But then - when I hear the music - the previous recommendations will not matter to me a jot. It's whether I like the tune - the rhythm - the lyrics - the performer - the setting - or whatever that matters.


----------



## hpowders (Dec 23, 2013)

Lukecash12 said:


> And I accept their fear, the miserable peons. Yes, yes, I shall sit next to the fireplace in my robe today and plot my revenge ala Hannibal as I sip Chianti.


My name is hpowders and I love classical music. My little dog likes me. I am not the monster that Hollywood would have you believe. Okay, so I'm into Bartok, vampires and the Bela Lugosi connection, but that's late at night when the dog is asleep.


----------



## Nick Mourer (Aug 11, 2014)

trazom said:


> He is? His sonatas are showier, but Mozart was the pre-eminent keyboard improviser of his time and their pianistic duel was considered a tie. Unless playing more parallel thirds or sixths is what makes a great pianist, I think it's a bit more complicated than that.

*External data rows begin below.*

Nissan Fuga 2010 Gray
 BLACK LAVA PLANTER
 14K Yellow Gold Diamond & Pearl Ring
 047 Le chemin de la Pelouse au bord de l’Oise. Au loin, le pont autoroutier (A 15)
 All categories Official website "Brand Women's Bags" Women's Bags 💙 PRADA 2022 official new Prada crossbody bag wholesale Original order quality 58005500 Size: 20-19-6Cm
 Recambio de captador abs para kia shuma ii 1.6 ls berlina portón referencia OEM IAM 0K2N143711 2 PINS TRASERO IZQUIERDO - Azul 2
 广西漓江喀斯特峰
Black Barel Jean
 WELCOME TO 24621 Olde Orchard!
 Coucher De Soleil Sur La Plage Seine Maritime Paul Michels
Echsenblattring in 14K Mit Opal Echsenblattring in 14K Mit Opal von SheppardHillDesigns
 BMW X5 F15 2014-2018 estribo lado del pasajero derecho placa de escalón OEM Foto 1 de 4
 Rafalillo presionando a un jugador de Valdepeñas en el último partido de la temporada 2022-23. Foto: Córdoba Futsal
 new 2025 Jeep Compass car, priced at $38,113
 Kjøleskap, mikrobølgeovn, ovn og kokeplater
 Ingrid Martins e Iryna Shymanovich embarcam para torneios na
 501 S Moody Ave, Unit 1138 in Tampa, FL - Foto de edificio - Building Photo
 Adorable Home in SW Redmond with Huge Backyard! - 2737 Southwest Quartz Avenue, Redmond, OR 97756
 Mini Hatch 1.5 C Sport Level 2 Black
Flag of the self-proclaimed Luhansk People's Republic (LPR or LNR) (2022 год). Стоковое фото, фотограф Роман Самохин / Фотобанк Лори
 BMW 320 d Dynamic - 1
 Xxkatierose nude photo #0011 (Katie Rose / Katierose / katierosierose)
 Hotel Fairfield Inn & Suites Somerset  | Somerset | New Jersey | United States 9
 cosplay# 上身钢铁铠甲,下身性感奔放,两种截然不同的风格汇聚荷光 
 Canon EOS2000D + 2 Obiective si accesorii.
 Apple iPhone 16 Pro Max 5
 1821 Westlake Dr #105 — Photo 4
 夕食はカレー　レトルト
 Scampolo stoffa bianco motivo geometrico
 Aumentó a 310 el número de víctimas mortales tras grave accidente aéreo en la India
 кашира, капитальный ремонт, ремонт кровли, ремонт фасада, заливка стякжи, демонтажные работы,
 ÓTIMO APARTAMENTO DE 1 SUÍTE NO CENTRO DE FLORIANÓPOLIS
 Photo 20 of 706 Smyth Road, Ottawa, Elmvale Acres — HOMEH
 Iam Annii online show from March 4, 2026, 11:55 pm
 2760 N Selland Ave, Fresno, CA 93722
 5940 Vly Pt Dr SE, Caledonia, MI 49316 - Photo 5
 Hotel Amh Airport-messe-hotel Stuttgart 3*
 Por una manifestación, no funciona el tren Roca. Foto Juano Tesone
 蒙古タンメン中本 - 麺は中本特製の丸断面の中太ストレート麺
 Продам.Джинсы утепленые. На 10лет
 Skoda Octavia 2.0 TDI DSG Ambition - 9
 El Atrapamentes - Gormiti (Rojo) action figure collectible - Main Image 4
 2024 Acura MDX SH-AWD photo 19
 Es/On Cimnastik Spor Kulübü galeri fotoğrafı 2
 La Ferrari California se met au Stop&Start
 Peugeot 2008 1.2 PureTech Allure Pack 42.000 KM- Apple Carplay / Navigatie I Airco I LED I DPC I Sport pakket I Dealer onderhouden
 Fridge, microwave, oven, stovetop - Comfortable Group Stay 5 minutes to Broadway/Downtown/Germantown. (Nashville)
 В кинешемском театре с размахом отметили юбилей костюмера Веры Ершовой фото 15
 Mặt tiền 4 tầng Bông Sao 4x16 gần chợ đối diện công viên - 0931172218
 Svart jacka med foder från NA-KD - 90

Well, all I know is, it's easier for me to learn a Mozart Sonata than a Clementi Sonata. And after the duel Mozart acted like a child, having nothing but poor things to say about Clementi, however, Clementi had nothing but good things to say of Mozart. If anybody were to have a "tie" called with Mozart and cause Mozart to act like that, then they were obviously a threat to him. Not to mention, it's written that Clementi improvized a cadenza on the Sonata (Which wasn't common) he played at the end. Back in those days, it was very common for keyboardists to be able to improvise in free-form. Many did, hell C.P.E Bach even wrote extensively about it in "An Essay on the True Art of Playing Keyboard." To say Mozart was the greatest improviser of the day, which makes him stand out as a pianist isn't really an accurate claim. Not to say he wasn't great, but it was very common. Also, much of Mozart's skill and the skill of his contemporaries are probably grayed throughout lore and legend.


----------



## DiesIraeCX (Jul 21, 2014)

trazom said:


> ... Mozart was the pre-eminent keyboard improviser of his time


Proof of this preeminence? It's a mightily strong word, preeminent: _To surpass all others_. If you try to argue that one composer is more preeminent on the keyboard than another(which I wouldn't) and have nothing to back it up but your own assertions, that it's self-evident(with no evidence) then it's just empty rhetoric. Right? Or is it proof enough that it's accepted by a large amount of people?


----------



## shangoyal (Sep 22, 2013)

I don't really know.

But when you ask of yourself during listening to something that "does it matter who the composer is or how famous he is?" and the answer from within is an immediate "NO!!", you know you are enjoying the music.


----------



## Blake (Nov 6, 2013)

Of course it matters. Otherwise, you'd have never of heard of any of them. Their popularity brought them this far.


----------



## Badinerie (May 3, 2008)

I dont understand why someone would need the approval of the music community at large before they admitted to enjoying a work by any given artist or composer. To me it seems to reek of an deeply seated insecurity complex.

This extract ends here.